I am a beginner woodworker and very handy, I think. I have been making flower boxes for our deck. They are 12 x 12 x 36 in. I make them from 1x6 white pine. My problem is my miter cuts. The cuts look good. I glue and nail the joints after sanding them. If needed, I use some wood putty, then I caulk the seams and spray paint the flower boxes. Without fail, after two to three weeks in the weather, the joints pull apart. Can you tell me what I am doing wrong? - Bill Kreitler
Chris Marshall: Without a picture of your project (the one shown here is a previous Woodworker's Journal design), I'm going to have to guess about which of the mitered joints are pulling apart. My hunch is that they are the ones that attach the long front and back pieces to the short end pieces at the vertical corners.
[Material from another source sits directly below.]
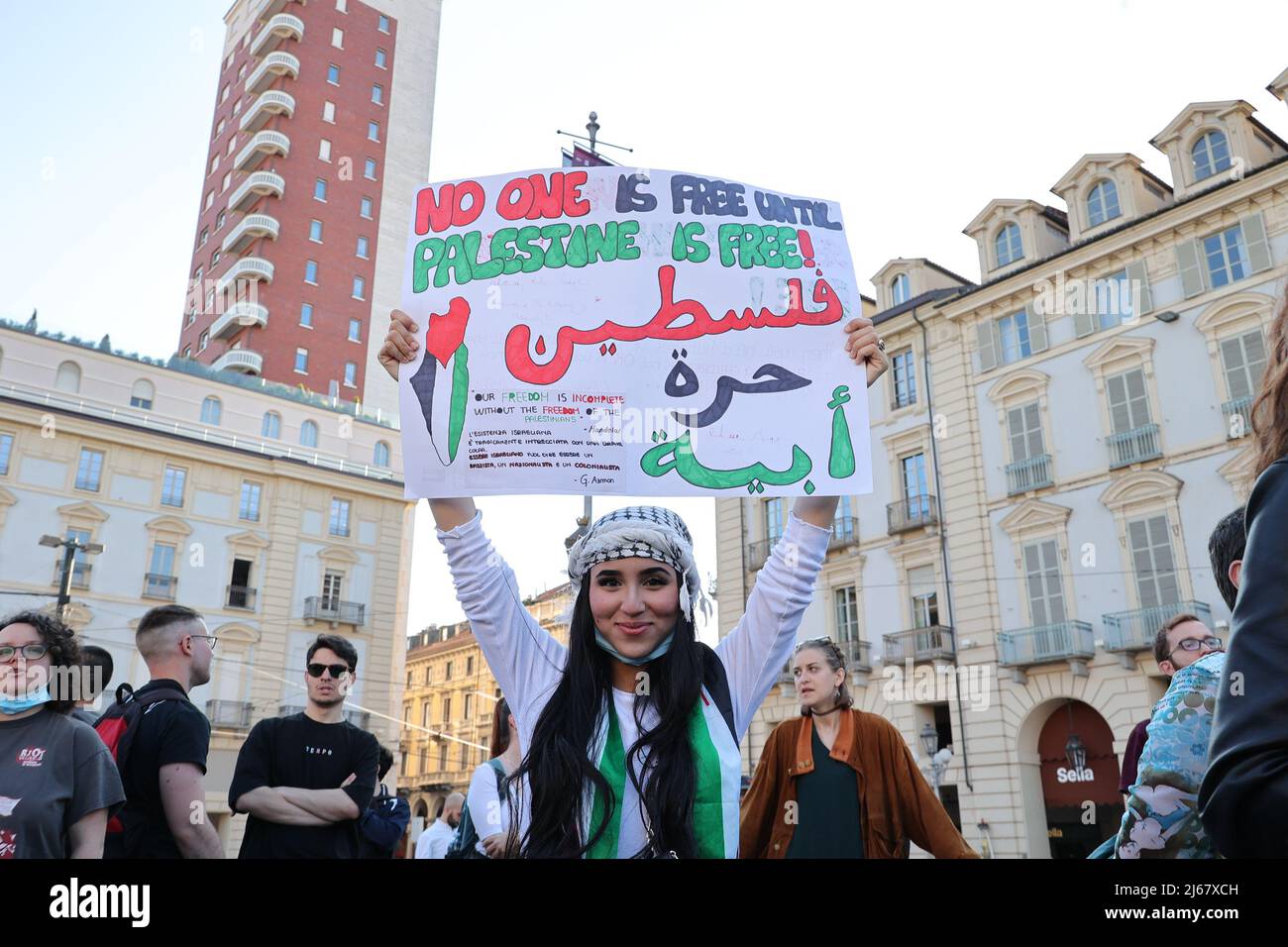 Turin, Italy. 28th April, 2022. A woman protests against the raids of Israeli forces in West Bank and restrictions on access to holy sites in Jerusalem during the Ramadan time holding a placard showing:“No one is free until Palestine is free”. Credit: MLBARIONA/Alamy Live News Stock Photo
Another guess is that you might have the long grain of those short pieces going vertically, and they are meeting up with the end grain of the front and back pieces, which are oriented horizontally. Lots of guesses, but if I'm right so far, your miter joints are creating a cross-grain gluing situation. It's inherently weak, because the end grain won't form a strong glue bond to the long grain, no matter what glue you use. And, unless a miter joint forms a tight wood-to-wood connection, glue won't add much strength or fill any gaps very well. (If you need to use wood putty for some of these joints, they aren't tight enough.) Now, put this project outside where it's receiving both the drying effects of sunlight and douses of water from rain or plant watering, and you can add significant wood movement to the equation. Both the end pieces and the long fronts and backs are going to expand and contract across the grain as water moves in and out of the wood. In the case of your planters, those could be two different directions. Paint will help reduce the degree of wood movement, but it won't entirely prevent it from happening. No wood finish can stop wood movement completely. Once things start moving, especially in a cross-grain gluing situation, the joints are going to pull apart to some degree. It's the nature of wood. You might want to consider a different joint style for future flower boxes that won't show gaps as a result of wood movement. Box joints, rabbet-and-dado joints, housed dadoes, or even basic nailed butt joints might be a better solution for you than miters. And try, whenever possible, to keep the grain oriented the same way. The wood is still going to move, but at least it will happen more uniformly within the project.